THE TASK:
From the line that contains "MOSAYT Vinyl Placemats" to the final line of the entries, return every line exactly and leave out all others.
[Start of Attachment]
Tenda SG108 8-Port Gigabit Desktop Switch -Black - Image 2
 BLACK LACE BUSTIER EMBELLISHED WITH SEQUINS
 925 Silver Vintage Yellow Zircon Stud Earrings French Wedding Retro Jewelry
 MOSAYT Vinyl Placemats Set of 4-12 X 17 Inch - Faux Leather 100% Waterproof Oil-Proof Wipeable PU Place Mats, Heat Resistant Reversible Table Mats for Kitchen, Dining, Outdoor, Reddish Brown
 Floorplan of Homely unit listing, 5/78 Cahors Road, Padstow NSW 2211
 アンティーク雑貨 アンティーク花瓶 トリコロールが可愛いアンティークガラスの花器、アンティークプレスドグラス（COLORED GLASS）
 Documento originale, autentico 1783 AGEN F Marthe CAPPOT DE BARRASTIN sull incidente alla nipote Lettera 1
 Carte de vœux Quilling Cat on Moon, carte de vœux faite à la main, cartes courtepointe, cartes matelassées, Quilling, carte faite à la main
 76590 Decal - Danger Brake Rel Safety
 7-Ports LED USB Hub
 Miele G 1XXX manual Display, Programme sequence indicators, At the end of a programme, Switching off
[End of Attachment]
TASK ANSWER:
 MOSAYT Vinyl Placemats Set of 4-12 X 17 Inch - Faux Leather 100% Waterproof Oil-Proof Wipeable PU Place Mats, Heat Resistant Reversible Table Mats for Kitchen, Dining, Outdoor, Reddish Brown
 Floorplan of Homely unit listing, 5/78 Cahors Road, Padstow NSW 2211
 アンティーク雑貨 アンティーク花瓶 トリコロールが可愛いアンティークガラスの花器、アンティークプレスドグラス（COLORED GLASS）
 Documento originale, autentico 1783 AGEN F Marthe CAPPOT DE BARRASTIN sull incidente alla nipote Lettera 1
 Carte de vœux Quilling Cat on Moon, carte de vœux faite à la main, cartes courtepointe, cartes matelassées, Quilling, carte faite à la main
 76590 Decal - Danger Brake Rel Safety
 7-Ports LED USB Hub
 Miele G 1XXX manual Display, Programme sequence indicators, At the end of a programme, Switching off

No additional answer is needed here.